**Exercise details**
Each line below must be transcribed exactly, and no picture may appear in the transcription.

**Record excerpts**

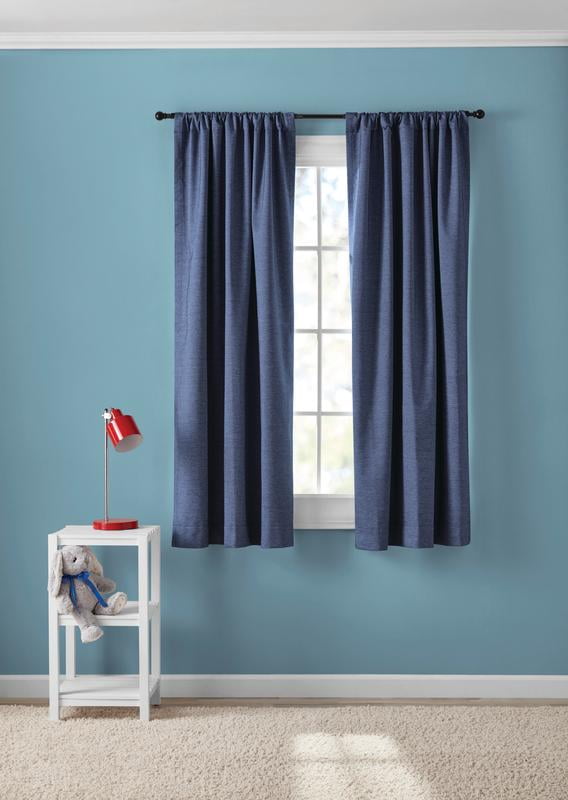 Your Zone Chambray Blackout Window, What Size Curtains For 63 Window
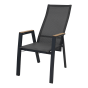 Standenstoel Amir teak nuance - antraciet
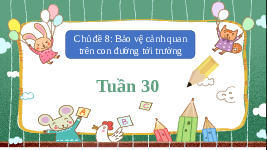 Giáo án điện tử Hoạt Động Trải Nghiệm 1 Chủ Đề 8 Tuần 30 Kết nối tri thức: Bảo vệ cảnh quan trên con đường tới trường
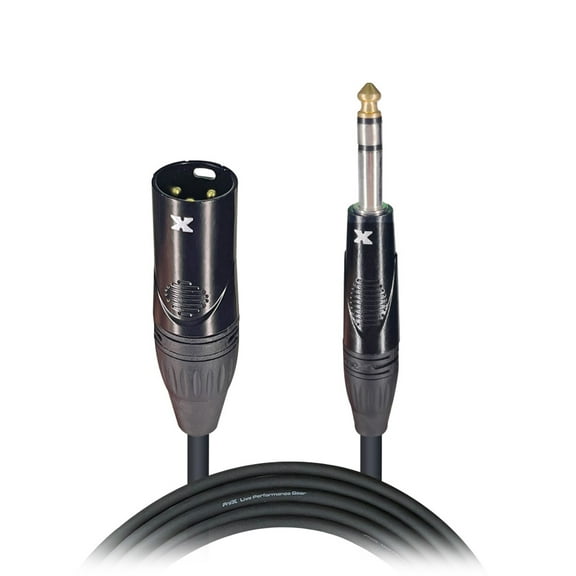 ProX XC-PXM05 5' 1/4" TS-M to XLR-M Unbalanced High Performance Audio Cable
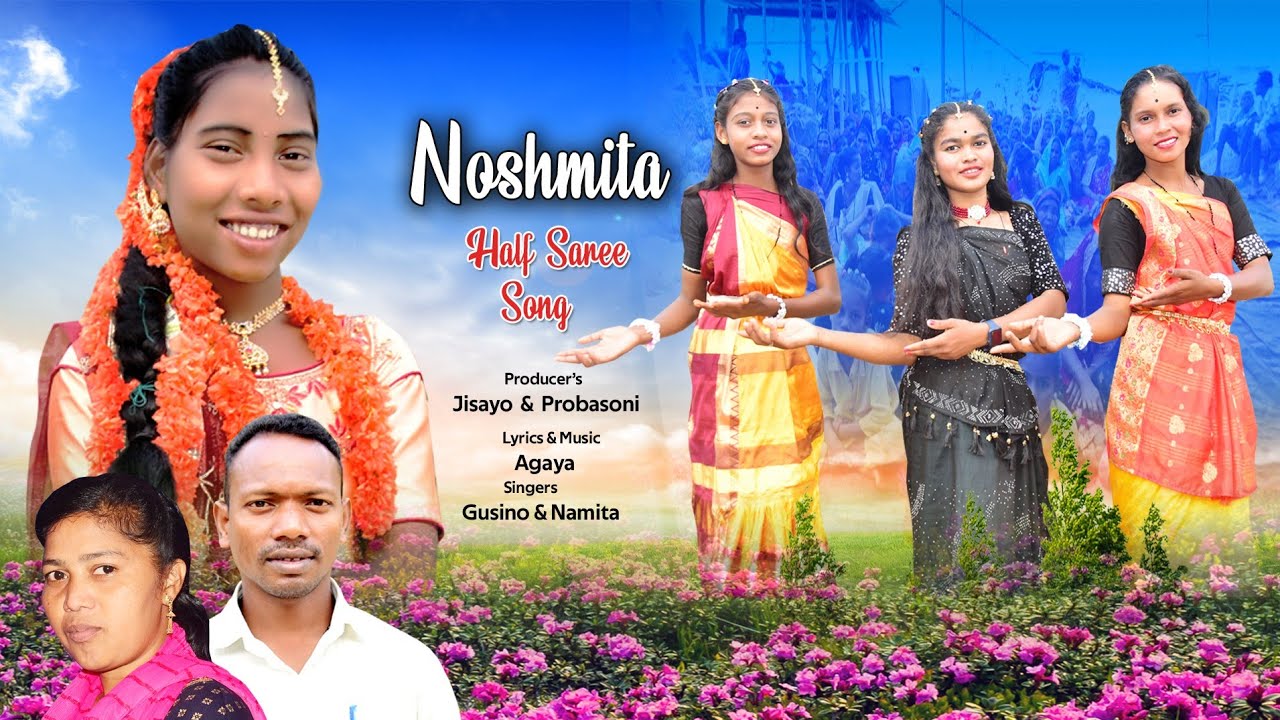 NOSHMITA HALF SAREE SONG#GUSINO&NAMITA #AGAYA MUSIC STUDIO 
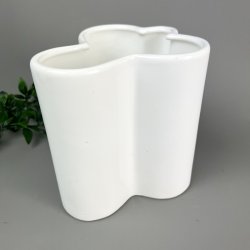 Hvid vintage keramikvase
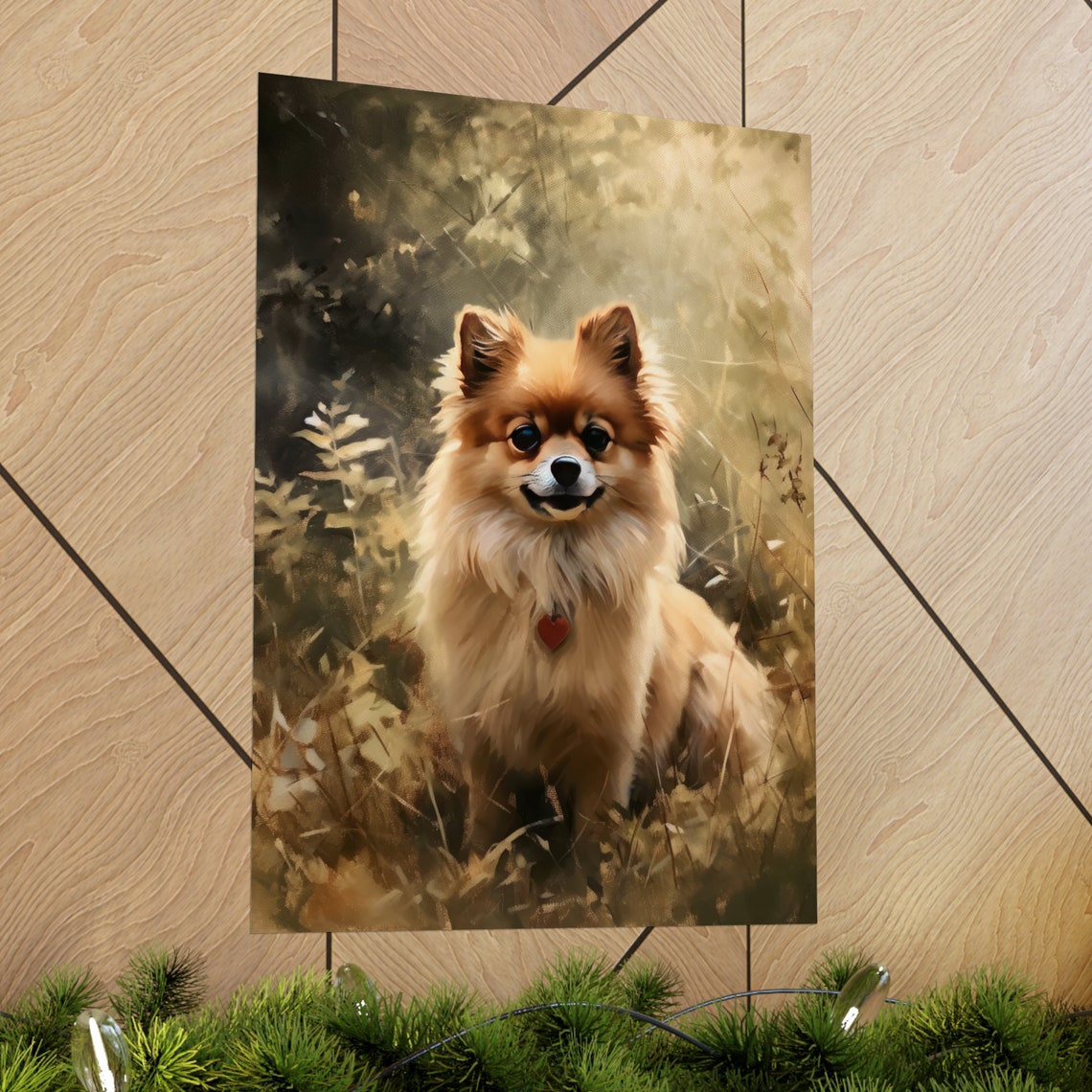 Pomeranian Dog Art Print Dog Wall Art Animal Art Print Animal Art Poster Dog Lover Gift Colorful Animal Wall Art Cool Dog Art - Image 2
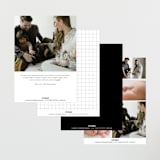 "Minimal Triad" - Birth Announcements in Onyx by Meggy Masters - Back of Card Options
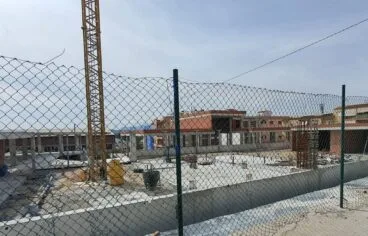 estado que presenta el lugar del aulario durante este lunes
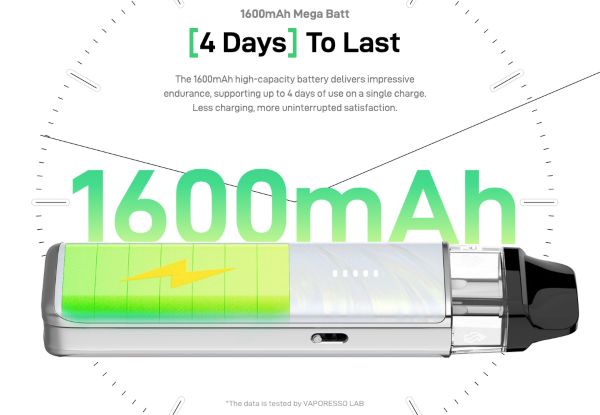 xros 6 mini vaporesso sigaretta elettronica con batteria integrato 1600 mah
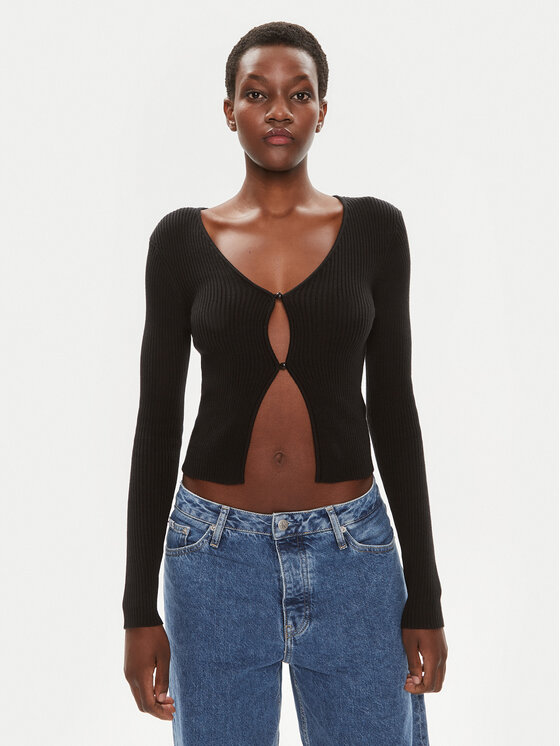Brave Soul Brave Soul Ζακέτα LKC-273SASHAF Μαύρο Slim Fit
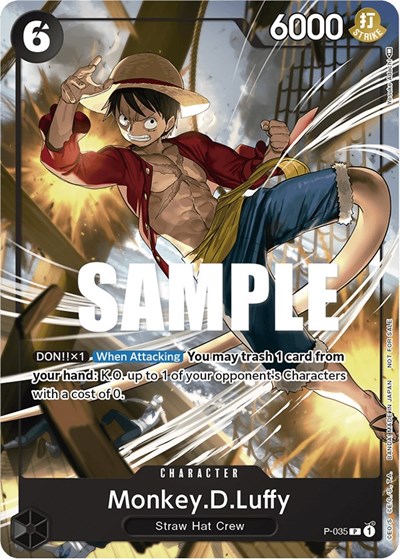 Monkey.D.Luffy (Pirates Party Vol. 3) #P-035 One Piece Promotion Cards
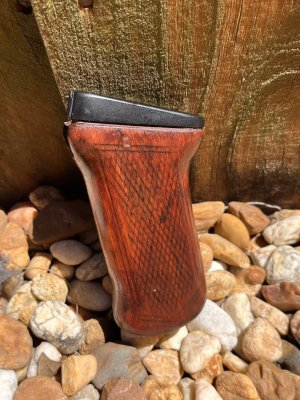 Polish Fat Bakelite Grips, Russian Type II Fat hardwood grip, Romanian Palmswell, Arsenal CHF CL 5.45 krink barrel, Polish Tantal side folder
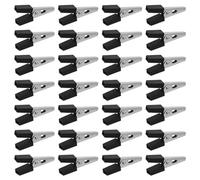 GOMAKERER 100pcs pince Crocodile en Fer Clips de Sécurité pour Cage Oiseaux Verrou de Porte Clip Sécurité pour Cage Perroquet Accessoires pour Cages D'Animaux de Compagnie Cages Oiseaux Petits Animaux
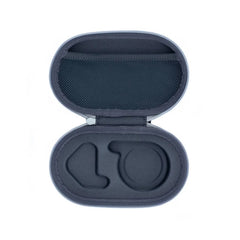 Owlet Travel Case: Black Nylon Solid Handbag Organizer, Side Zipper Closure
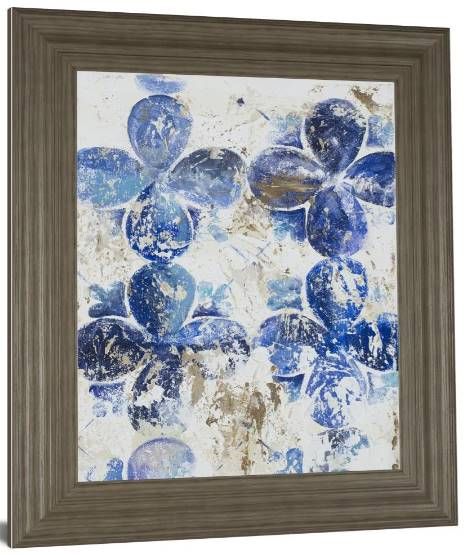 Classy Art Blue Quatrefoil III by Patrica Pinto Wall Art-1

**Expected answer**
 Your Zone Chambray Blackout Window, What Size Curtains For 63 Window
 Standenstoel Amir teak nuance - antraciet
 Giáo án điện tử Hoạt Động Trải Nghiệm 1 Chủ Đề 8 Tuần 30 Kết nối tri thức: Bảo vệ cảnh quan trên con đường tới trường
 ProX XC-PXM05 5' 1/4" TS-M to XLR-M Unbalanced High Performance Audio Cable
 NOSHMITA HALF SAREE SONG#GUSINO&NAMITA #AGAYA MUSIC STUDIO 
 Hvid vintage keramikvase
 Pomeranian Dog Art Print Dog Wall Art Animal Art Print Animal Art Poster Dog Lover Gift Colorful Animal Wall Art Cool Dog Art - Image 2
 "Minimal Triad" - Birth Announcements in Onyx by Meggy Masters - Back of Card Options
 estado que presenta el lugar del aulario durante este lunes
 xros 6 mini vaporesso sigaretta elettronica con batteria integrato 1600 mah
Brave Soul Brave Soul Ζακέτα LKC-273SASHAF Μαύρο Slim Fit
 Monkey.D.Luffy (Pirates Party Vol. 3) #P-035 One Piece Promotion Cards
 Polish Fat Bakelite Grips, Russian Type II Fat hardwood grip, Romanian Palmswell, Arsenal CHF CL 5.45 krink barrel, Polish Tantal side folder
 GOMAKERER 100pcs pince Crocodile en Fer Clips de Sécurité pour Cage Oiseaux Verrou de Porte Clip Sécurité pour Cage Perroquet Accessoires pour Cages D'Animaux de Compagnie Cages Oiseaux Petits Animaux
 Owlet Travel Case: Black Nylon Solid Handbag Organizer, Side Zipper Closure
 Classy Art Blue Quatrefoil III by Patrica Pinto Wall Art-1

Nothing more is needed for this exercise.